Provided information –

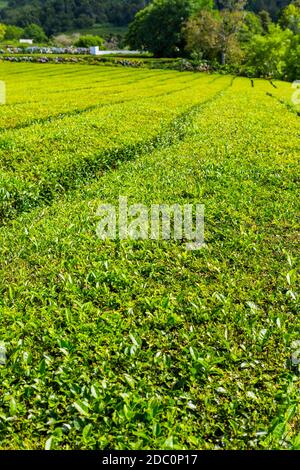 View on tea plantation rows in Gorreana. The oldest, and only, tea plantation in Europe, Sao Miguel island, Azores, Portugal Stock Photo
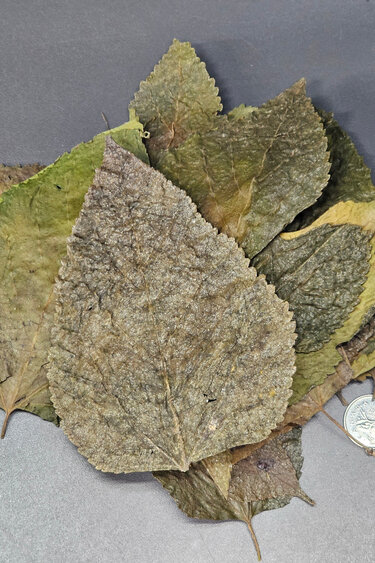La Swamp Mulberry leaves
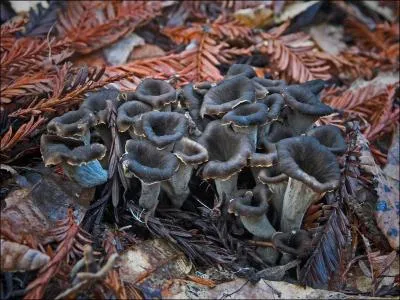 La ''Trompette des morts'' doit son nom  sa grande toxicit !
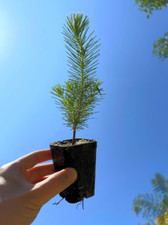 Stone Pine Live Tree (Pinus pinea) - 2.5 Inch Pot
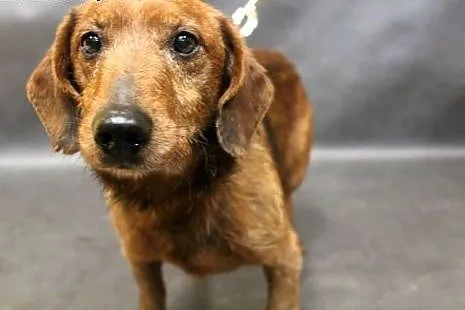 Herbuś- pełen radości psiaczek do adopcji!,  mazow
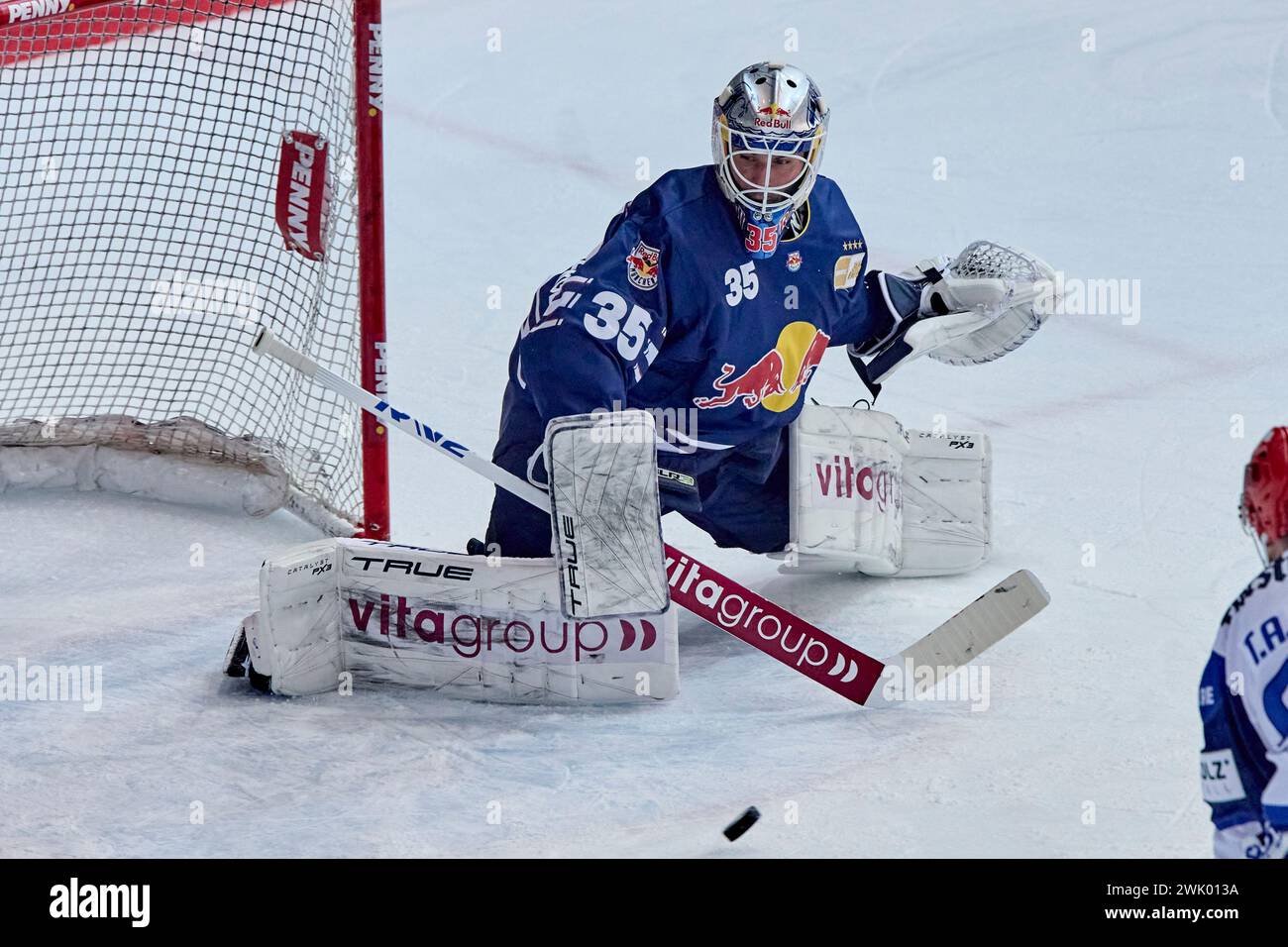 Deutsche Eishockey Liga DEL Stock Photo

What is being asked – Extract the entries in full, exactly as they are, minus the pictures.

Problem solution –
 View on tea plantation rows in Gorreana. The oldest, and only, tea plantation in Europe, Sao Miguel island, Azores, Portugal Stock Photo
La Swamp Mulberry leaves
 La ''Trompette des morts'' doit son nom  sa grande toxicit !
 Stone Pine Live Tree (Pinus pinea) - 2.5 Inch Pot
 Herbuś- pełen radości psiaczek do adopcji!,  mazow
 Deutsche Eishockey Liga DEL Stock Photo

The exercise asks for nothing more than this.